Among the lines below, the one containing "Engine Part CL-908PK (angle view)" opens the range and the one containing "Attache ceinture avant" closes it. Print that range exactly, without the pictures.
*** Information given Section Begins ***
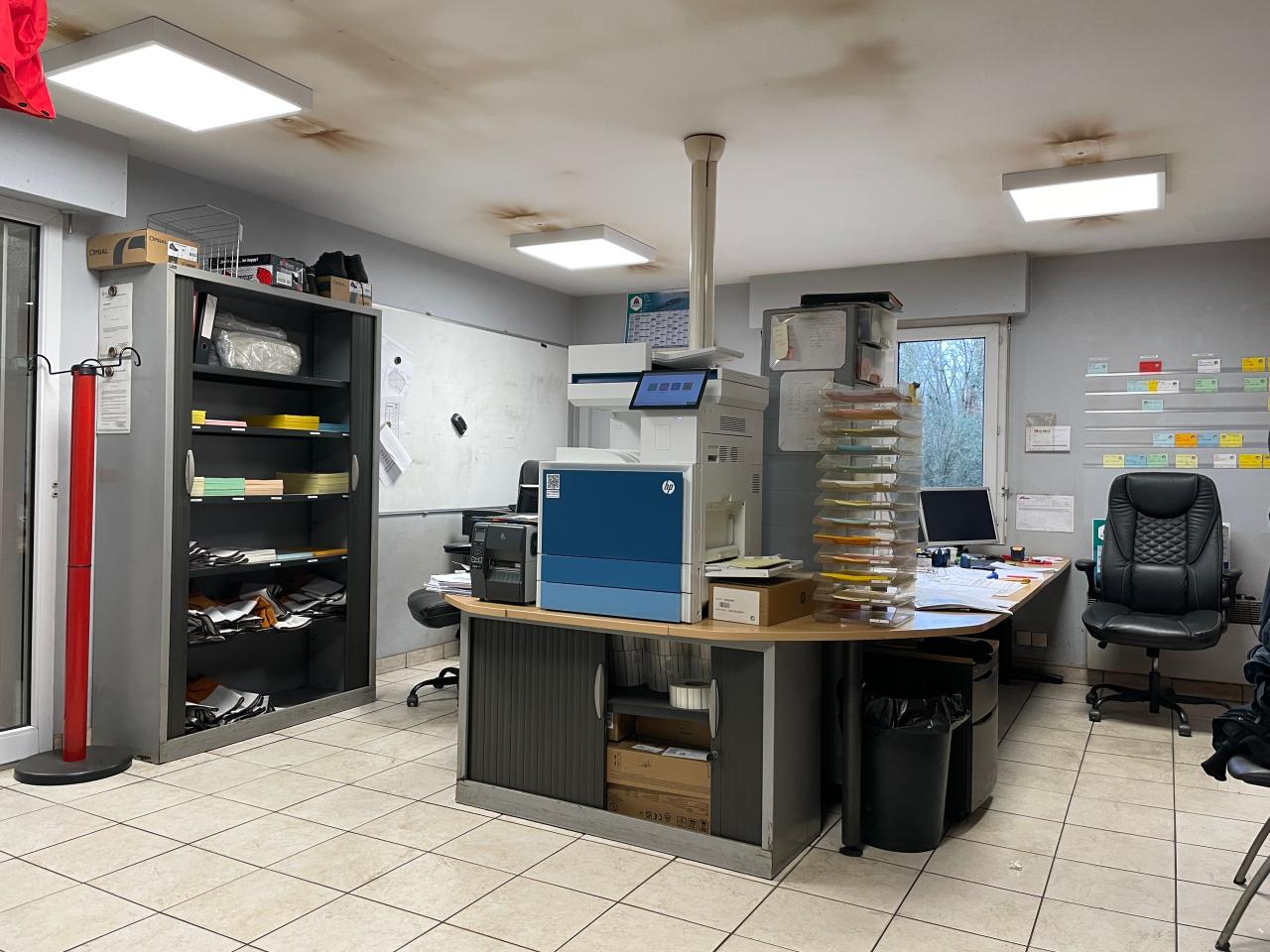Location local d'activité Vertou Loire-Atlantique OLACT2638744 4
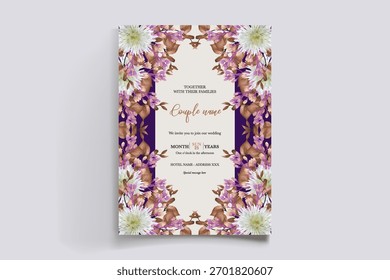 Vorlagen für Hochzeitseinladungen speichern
*** Information given Section Ends ***
*** Information given Section Begins ***
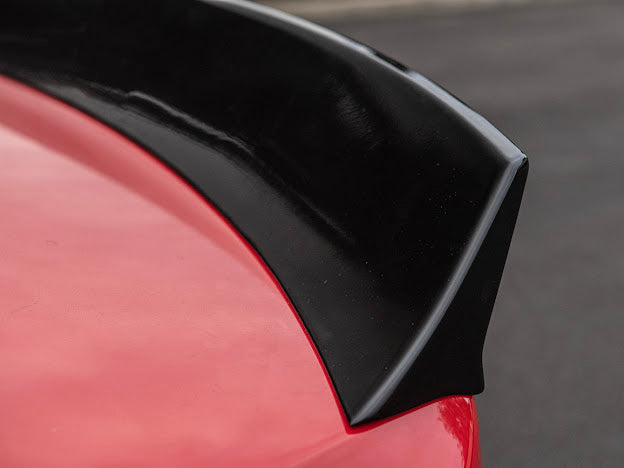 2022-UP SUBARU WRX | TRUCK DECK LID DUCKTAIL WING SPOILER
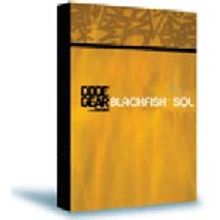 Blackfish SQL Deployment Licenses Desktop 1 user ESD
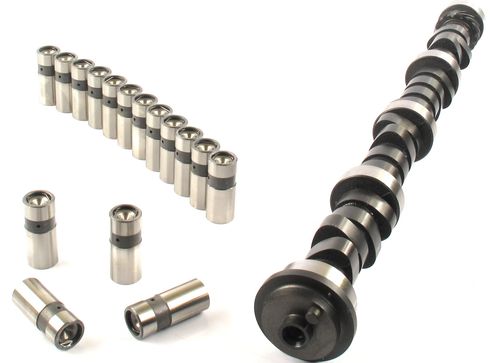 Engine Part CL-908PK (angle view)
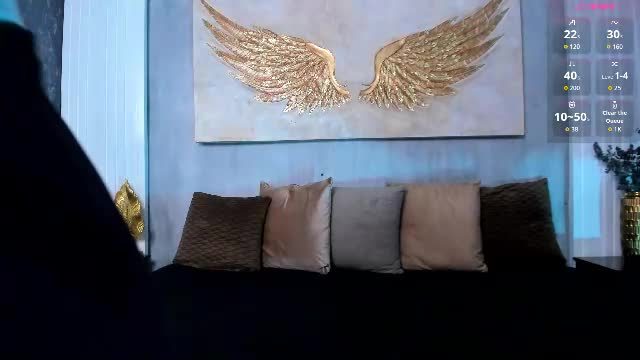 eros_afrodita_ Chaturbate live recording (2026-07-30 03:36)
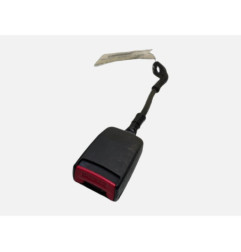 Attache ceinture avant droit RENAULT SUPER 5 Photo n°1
*** Information given Section Ends ***
- [Solution to the exercise]
 Engine Part CL-908PK (angle view)
 eros_afrodita_ Chaturbate live recording (2026-07-30 03:36)
 Attache ceinture avant droit RENAULT SUPER 5 Photo n°1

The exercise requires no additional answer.